Until the recent series of doping scandals have made it passé to dope in cycling, then lie about it, then stage a dramatic public confession seeking redemption, Richard Virenque was the poster boy. The history books, though, continue to list his seven KOM titles in the Tour de France – a record. To the extent that these titles represent the pinnacle of climbing achievement, Virenque ranks as one of the best grimpeurs in history.
But, of course, such a judgement is not without controversy. And, as we know, for good reason. In a series of posts, le grimpeur will review this most enigmatic of riders.
Born in Casablanca, Morocco in 1969, the French rider turned professional with RMO in 1991 (directed by Bruno Roussel, later to become the Festina team) and secured a 2nd place result at the Trophée des Grimpeurs one-day race. He soon established himself as a climbing specialist, taking second place in the mountains competition in the 1992 Tour de France behind Claudio Chiappucci. In that edition, which started in San Sebastian, Spain, Virenque placed 2nd in the stage into Pau after a three-man breakaway, which was enough to secure the yellow jersey. Quite the result for his first Tour.
Virenque was undoubtedly a huge climbing talent, but also a specialist at the long breakaway. In his KOM victories in the Tour in 1994, and in the Tour and the Dauphine Libéré in 1995, he would use long attacks in the mountains to take a stage victory and a fistful of climbing points, then defend his position on the other climbs.

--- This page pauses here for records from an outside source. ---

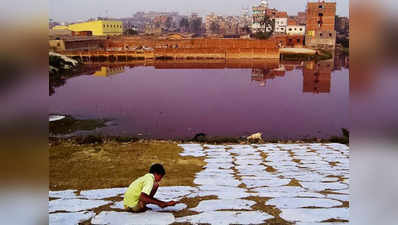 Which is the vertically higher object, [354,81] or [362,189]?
[354,81]

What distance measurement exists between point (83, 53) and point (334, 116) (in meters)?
7.81

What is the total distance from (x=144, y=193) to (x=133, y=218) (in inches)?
9.4

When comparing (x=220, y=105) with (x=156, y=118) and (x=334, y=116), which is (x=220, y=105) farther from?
(x=334, y=116)

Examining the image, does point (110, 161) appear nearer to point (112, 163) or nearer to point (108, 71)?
point (112, 163)

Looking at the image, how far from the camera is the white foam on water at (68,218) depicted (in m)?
3.64

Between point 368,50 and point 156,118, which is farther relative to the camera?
point 156,118

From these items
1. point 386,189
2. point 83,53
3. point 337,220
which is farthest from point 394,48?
point 83,53

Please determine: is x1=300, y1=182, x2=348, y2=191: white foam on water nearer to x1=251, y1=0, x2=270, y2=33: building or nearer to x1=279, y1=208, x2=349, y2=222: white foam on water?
x1=279, y1=208, x2=349, y2=222: white foam on water

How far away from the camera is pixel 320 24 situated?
13594 mm

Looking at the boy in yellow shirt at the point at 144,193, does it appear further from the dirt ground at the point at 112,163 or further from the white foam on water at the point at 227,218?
the dirt ground at the point at 112,163

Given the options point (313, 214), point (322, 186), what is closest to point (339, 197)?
point (322, 186)

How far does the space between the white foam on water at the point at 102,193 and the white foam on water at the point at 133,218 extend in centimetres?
63

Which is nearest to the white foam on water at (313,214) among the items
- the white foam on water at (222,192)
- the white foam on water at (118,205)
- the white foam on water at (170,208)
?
the white foam on water at (222,192)

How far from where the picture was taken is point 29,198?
1465 millimetres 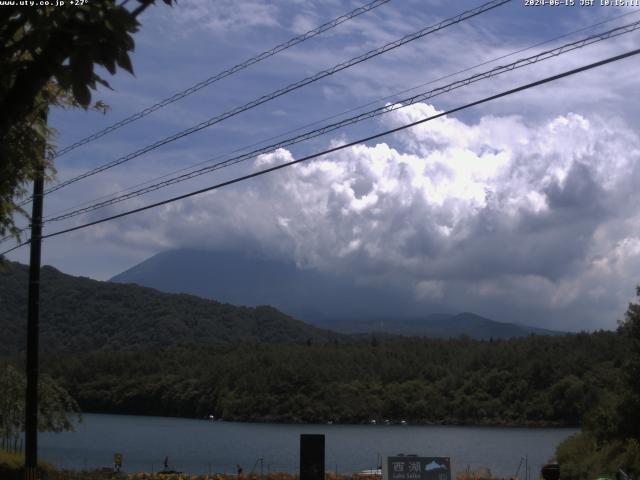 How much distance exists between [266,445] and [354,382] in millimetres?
49689

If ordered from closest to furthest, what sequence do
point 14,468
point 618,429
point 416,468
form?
1. point 416,468
2. point 14,468
3. point 618,429

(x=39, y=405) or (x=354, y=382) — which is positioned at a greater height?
(x=39, y=405)

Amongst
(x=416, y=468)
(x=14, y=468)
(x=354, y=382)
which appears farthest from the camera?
(x=354, y=382)

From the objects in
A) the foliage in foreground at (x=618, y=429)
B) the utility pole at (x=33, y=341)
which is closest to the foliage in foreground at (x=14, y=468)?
the utility pole at (x=33, y=341)

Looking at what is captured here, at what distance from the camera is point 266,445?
7950 cm

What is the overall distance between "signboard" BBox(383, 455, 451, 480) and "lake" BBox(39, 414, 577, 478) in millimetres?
31956

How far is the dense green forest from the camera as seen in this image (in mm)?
112625

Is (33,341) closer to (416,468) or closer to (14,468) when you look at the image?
(14,468)

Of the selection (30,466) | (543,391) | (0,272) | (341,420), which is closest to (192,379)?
(341,420)

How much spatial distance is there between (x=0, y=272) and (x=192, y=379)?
12485 centimetres

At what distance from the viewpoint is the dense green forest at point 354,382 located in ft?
370

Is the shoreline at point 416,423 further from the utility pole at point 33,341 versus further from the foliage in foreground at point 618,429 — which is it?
the utility pole at point 33,341

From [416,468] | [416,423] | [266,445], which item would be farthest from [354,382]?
[416,468]

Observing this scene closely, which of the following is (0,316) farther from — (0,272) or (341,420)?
(0,272) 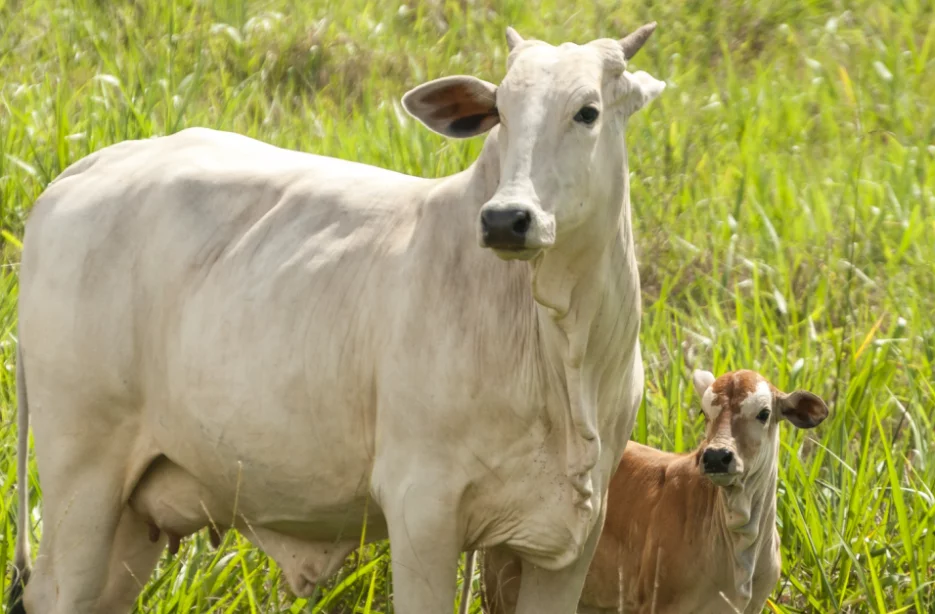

In the top ten of the Tour in 1995, by 1996 he was a podium contender, placing third behind Bjarne Riis and Jan Ullrich, as well as winning the KOM overall title. In 1997, he was second, 9 minutes adrift of the all-conquering Ullrich but ahead of Marco Pantani. Virenque was again the KOM winner, and was lauded for his courageous riding by some, but derided for his tactics by others.
Of course, as the Festina scandal in 1998 revealed, his success was built on a solid foundation of doping. As is well known, the majority of the riders on the team confessed to the widespread doping, and acknowledged that they knew they were receiving EPO.
“I knew very well that [team doctor Erik] Rijckaert gave me EPO,” said Christophe Moreau.
“In today’s cycling races, every rider knows that if they don’t use EPO they’ll be left behind,” said Alex Zulle.
But Virenque refused to admit guilt before a judge in 1998, claiming that if he had doped then it was without his knowledge – à son insu. “I never asked for drugs,” he said. “Moreover, I didn’t need them.” He even wrote a book to buttress his claims – Ma Vérité, or My Truth.
The Festina trial
But the truth came out at the trial in Lille at the end of 2000. Soigneur Willy Voet, who had been caught with the team’s doping supplies, said that Virenque was right at the centre of the team’s doping programme.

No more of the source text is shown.